> Task objective: With pictures left out, set down exactly the lines from the line containing "How to make" through the last line of the data.

> Data provided:

§

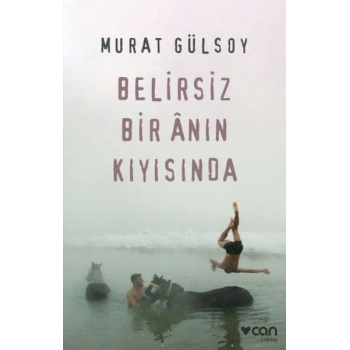 Belirsiz Bir Anın Kıyısında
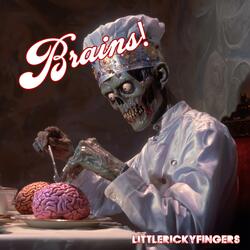 Brains!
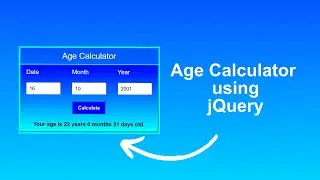 How to make Age Calculator using HTML CSS & jQuery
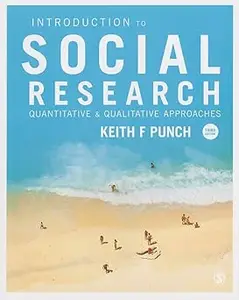 Introduction to Social Research: Quantitative and Qualitative Approaches Ed 3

§

> Answer below:
 How to make Age Calculator using HTML CSS & jQuery
 Introduction to Social Research: Quantitative and Qualitative Approaches Ed 3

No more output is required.